Stanford University just released a guide designed to eliminate “harmful language” from the school’s websites and computer code.
Notably, under the “imprecise language” section, the guide wants to replace the term “American” with “U.S. citizen.”
“[‘American’] often refers to people from the United States only, thereby insinuating that the US is the most important country in the Americas,” says the index, which goes on to note the region includes 42 countries between North and South America.
The guide was published Monday, but it’s part of a project launched last May known as the Elimination of Harmful Language Initiative (EHLI).
Additionally, the guide is loaded with more terms it wants to replace, ostensibly to tackle things like racism, homophobia, and ableism.
Notable terms the new index wants to replace:
- “Immigrant” with “person who has immigrated” or “non-citizen.”
- “Abort” with “cancel” or “end.”
- “Child prostitute” with “child who has been trafficked.”
- “Karen” with “demanding or entitled White woman.”
- “Handicap parking” with “accessible parking.”
- “Committed suicide” with “died by suicide.”
- “Tone deaf” with “unenlightened.”
- “Addict” with “person with a substance abuse disorder”

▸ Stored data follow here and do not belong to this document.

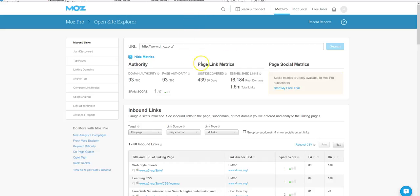So I've actually been, so it has a domain authority of 93 and page authority of 93 which is very great.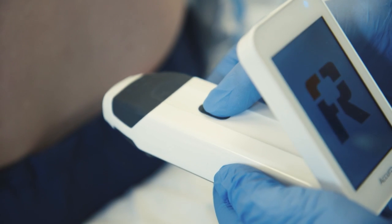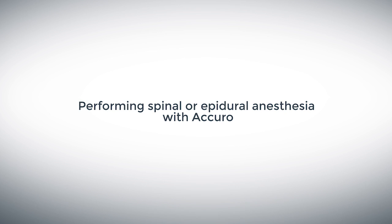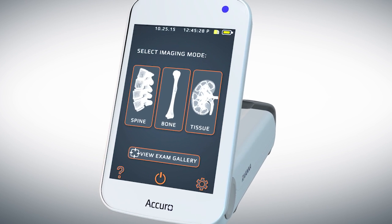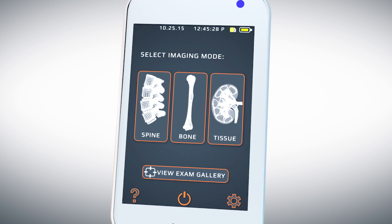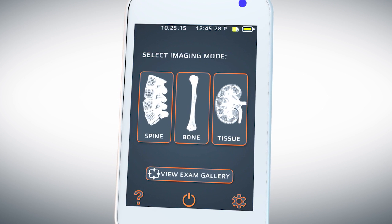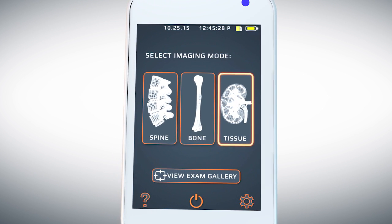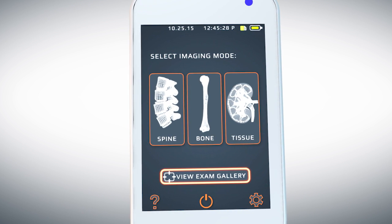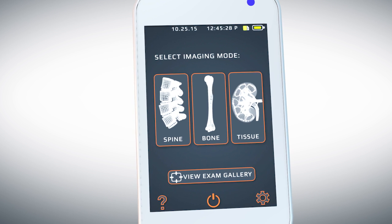The Acuro is powered on by pressing the power on/off button. After the Acuro finishes powering up, the home screen will appear. From the home screen there are three different presets from which to select: spine, bone, and soft tissue. The home screen also provides access to saved images in the gallery, which will be demonstrated later.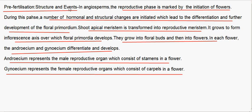Pre-fertilization — the structures and events. In angiosperms, the reproductive phase is marked by the initiation of flowering. During this phase, a number of hormonal and structural changes are initiated which leads to the differentiation and further development of the floral primordium. The shoot apical meristem is transformed into the reproductive meristem. It grows to form the inflorescence axis over which the floral primordia develop, growing into floral buds and then into flowers. In each flower, the androecium and gynoecium differentiate and develop.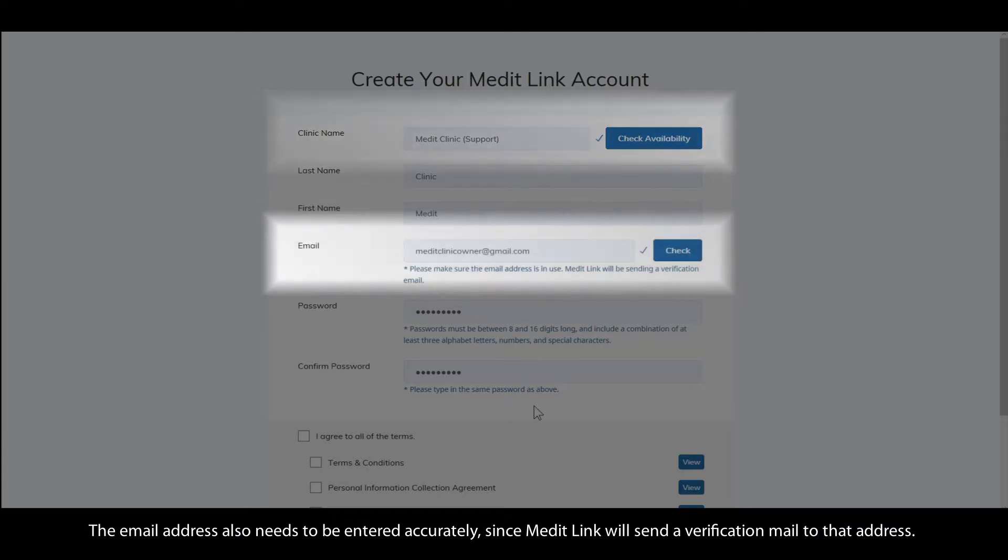The email address also needs to be entered accurately since MediLink will send a verification mail to that address.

- “Slave labor” with “underpaid.”
Click HERE for the full PDF of desired changes the index wants you to “consider using.”
Tech billionaire Elon Musk has since called out the policy:
“Stanford disapproves of saying you’re proud to be an American? Tweeted Musk. “Whoa.”
Stanford disapproves of saying you’re proud to be an American? Whoa.
— Elon Musk (@elonmusk) December 20, 2022
Below are excerpts from the guide that describe its intended purpose:
“The purpose of this website is to educate people about the possible impact of the words we use,” says the guide’s opening message. “Language affects different people in different ways.”
“The goal of the Elimination of Harmful Language Initiative is to eliminate many forms of harmful language, including racist, violent, and biased (e.g., disability bias, ethnic bias, ethnic slurs, gender bias, implicit bias, sexual bias) language in Stanford websites and code.”